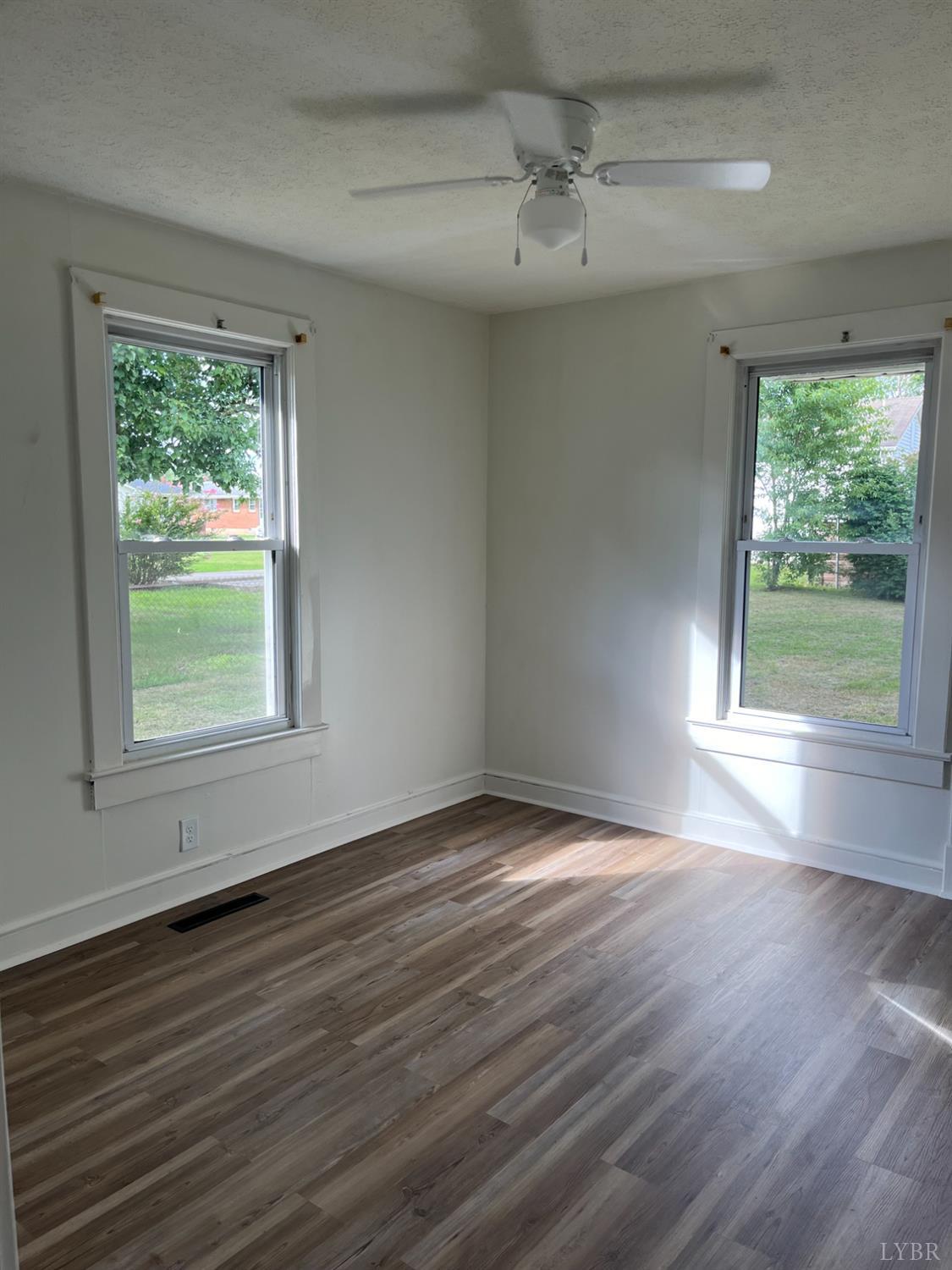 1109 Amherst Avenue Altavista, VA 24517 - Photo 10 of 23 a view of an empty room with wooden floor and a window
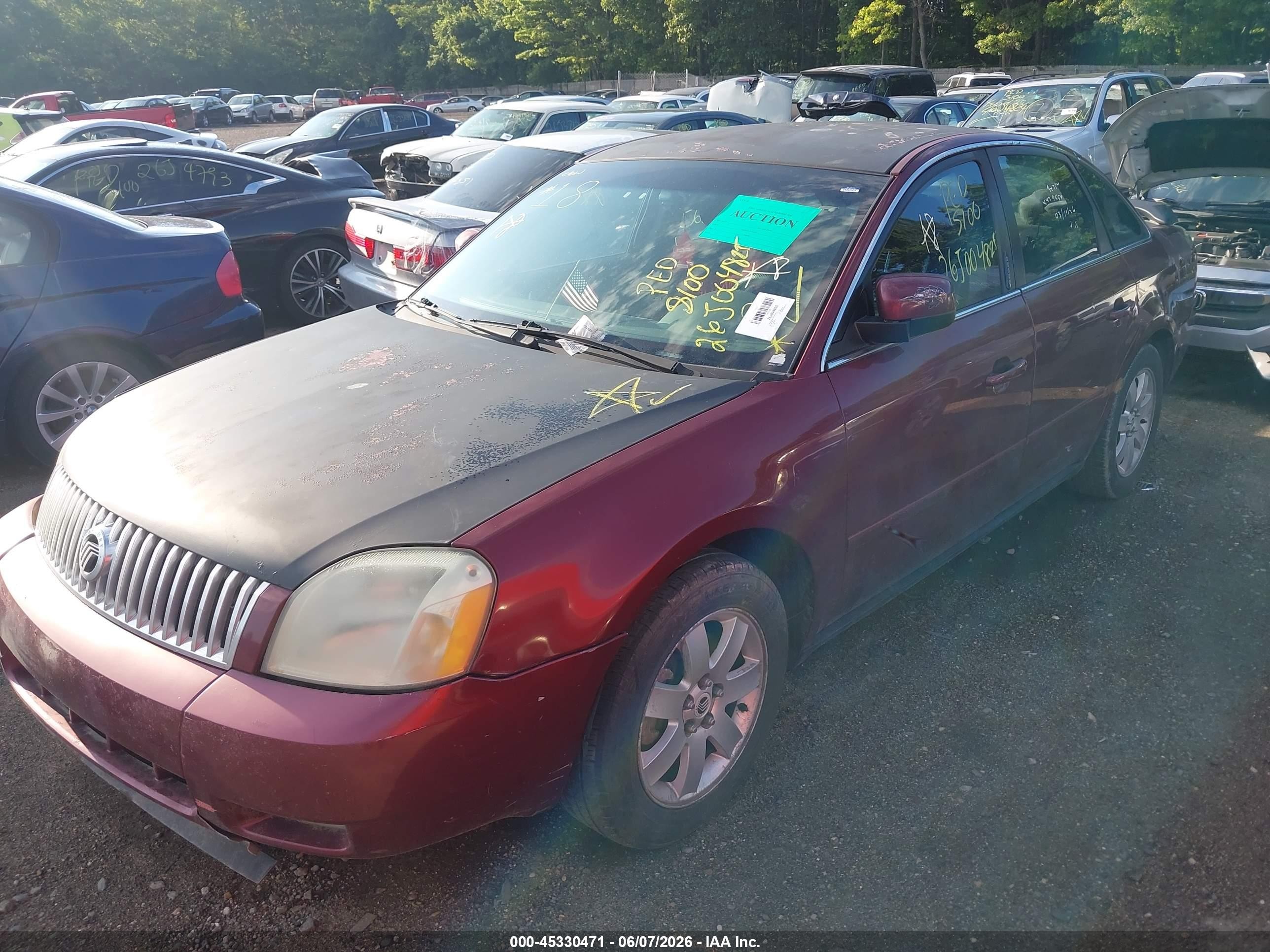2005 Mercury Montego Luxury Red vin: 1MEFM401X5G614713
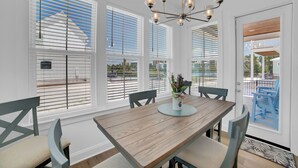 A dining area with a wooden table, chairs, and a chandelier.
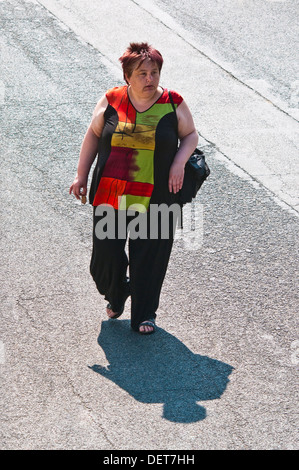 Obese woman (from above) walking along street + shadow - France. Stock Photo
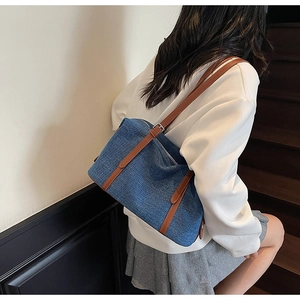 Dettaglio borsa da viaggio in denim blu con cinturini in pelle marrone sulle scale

▶ **Description of the task**
No pictures belong in the copy. Retype exactly, and only, the lines from the line containing "Obese woman (from" through the last line of the data, both included.

▶ **Exercise answer**
 Obese woman (from above) walking along street + shadow - France. Stock Photo
 Dettaglio borsa da viaggio in denim blu con cinturini in pelle marrone sulle scale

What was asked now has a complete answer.